Et pour pouvoir manipuler cette liane exotique il faut la mouiller, la tremper… sinon elle est susceptible de se casser en se tendant…
“On travaille la canne mouillée c’est ce qui la rend souple pour ne pas qu’elle casse donc on la mouille bien.”
Le rotin adore l’humidité et déteste la sècheresse. Donc conseil pour garder vos sièges en rotin le plus longtemps possible, ne chauffez pas trop vos pièces !
“On ne supporte plus d’avoir un chandail dans un appartement. On est passé de 18 à 20 degrés dans un appartement à une température de 21 à 25 degrés et du coup la canne de rotin sèche énormément et donc dure moins longtemps. Pour le patrimoine, pour les meubles anciens, vous avez des sièges qui se décollent et même des meubles qui se fendent. On voit des catastrophes…”
Après avoir posé ses diagonales, vient le moment délicat du chevillage. À la différence de l’assise où les cannes sont attachées à l’arrière de la chaise, pour le dossier les cannes sont simplement chevillées.
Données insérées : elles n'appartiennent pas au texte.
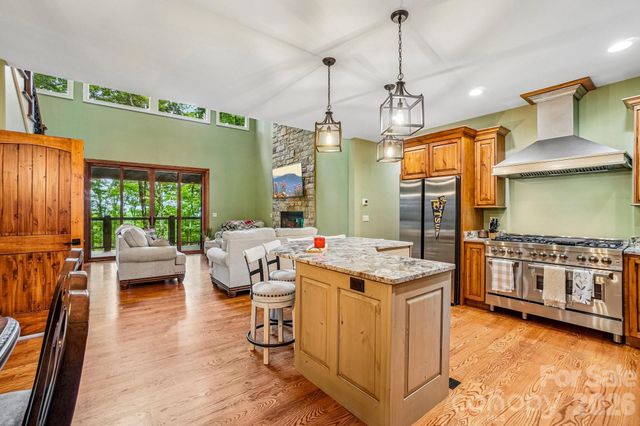 1067 English Ridge Drive, Mars Hill, NC 28754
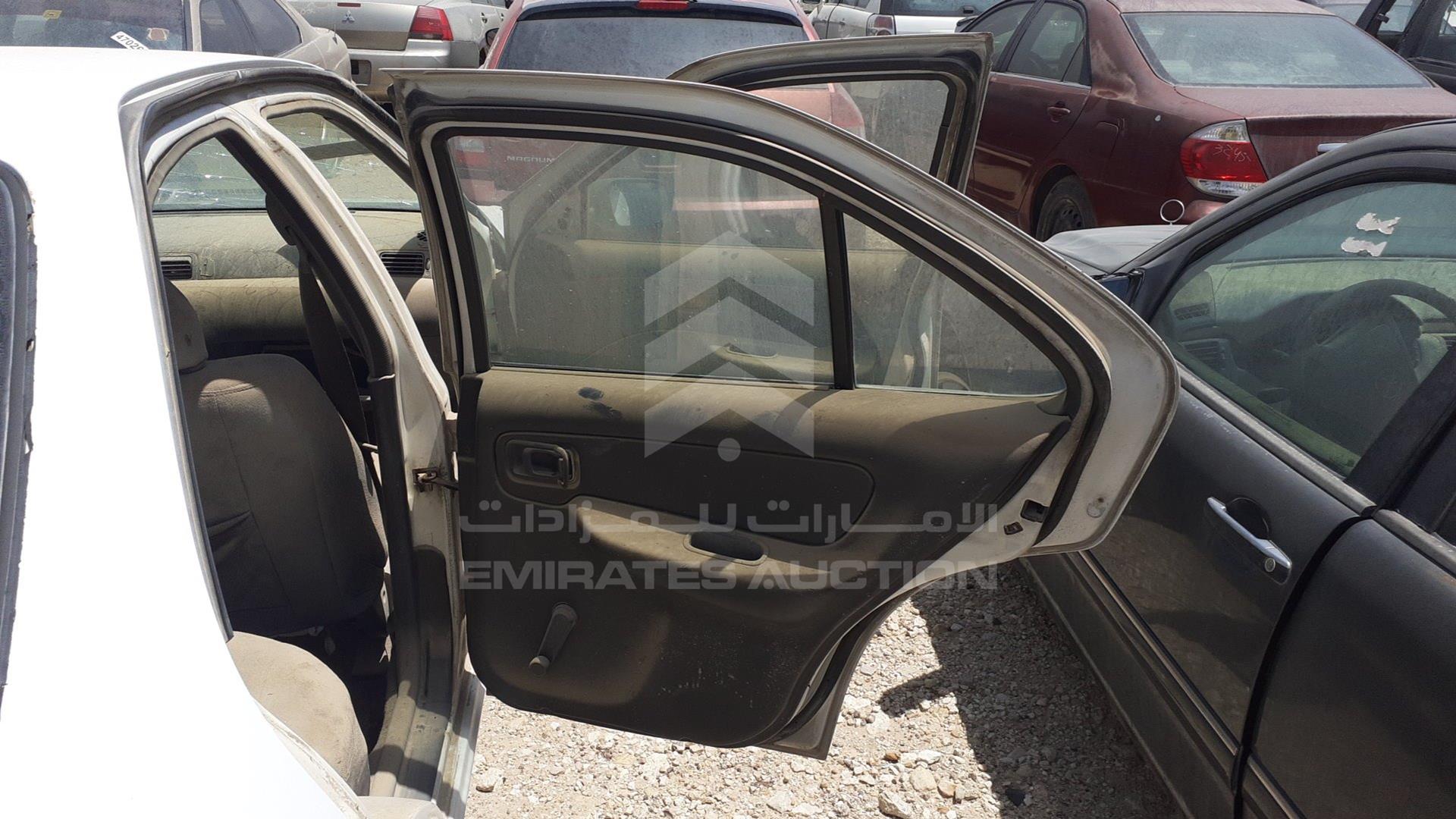 0 NISSAN SUNNY VIN: JN1BBAB14Z0310979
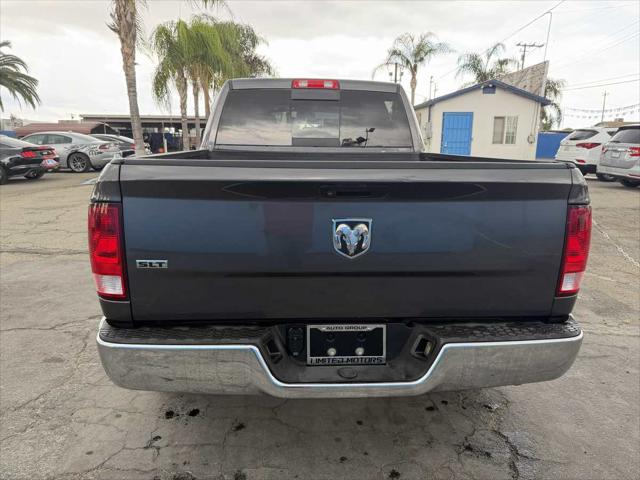 2019 Ram 1500 Classic SLT Crew Cab 4x2 6'4" Box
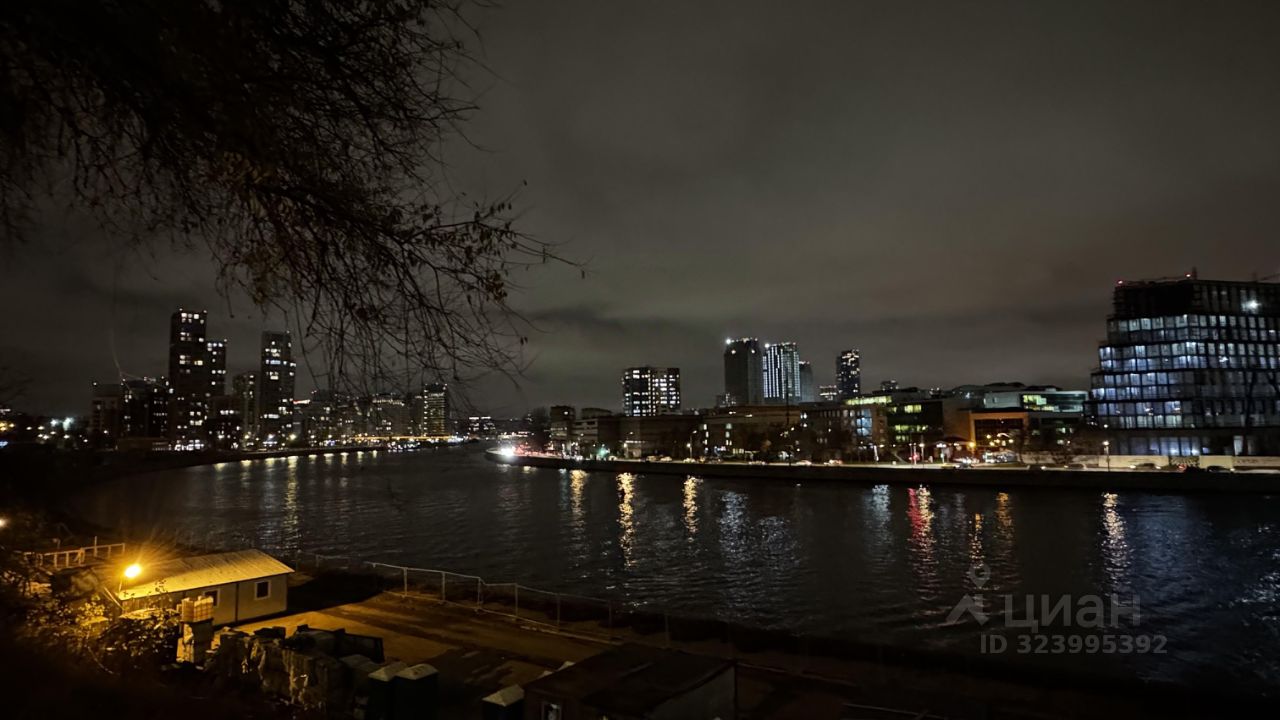 Продажа 2-комн квартиры на вторичном рынке Крутицкая набережная, 9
“On constate qu’on n’a pas de trous derrière et que c’est chevillé …”
Cette technique permet au canneur de gérer la tension de ses cannes. Plus il appuie sur ses chevilles plus la canne se tend et inversement…
Alors l’intérêt des chevilles c’est que si on ne met pas de cheville elle est souple. Une fois qu’on met les chevilles c’est comme une tension ça maintient la tension déjà positionnée. Comme ça on attend 5/6 minutes et après ça garde sa tension sans se déformer !
Une fois sèche la canne se fige. Ne reste plus qu’à Pierre à combler ces trous avec des morceaux d’allumettes.
Il est temps pour Frédéric de laisser son poulain canner de ses propres lianes. Fraichement retraité, il a encore du mal à céder la place…
“Pierre est un digne successeur il faut lui faire confiance. Mais c’est vrai que c’est dur de quitter.”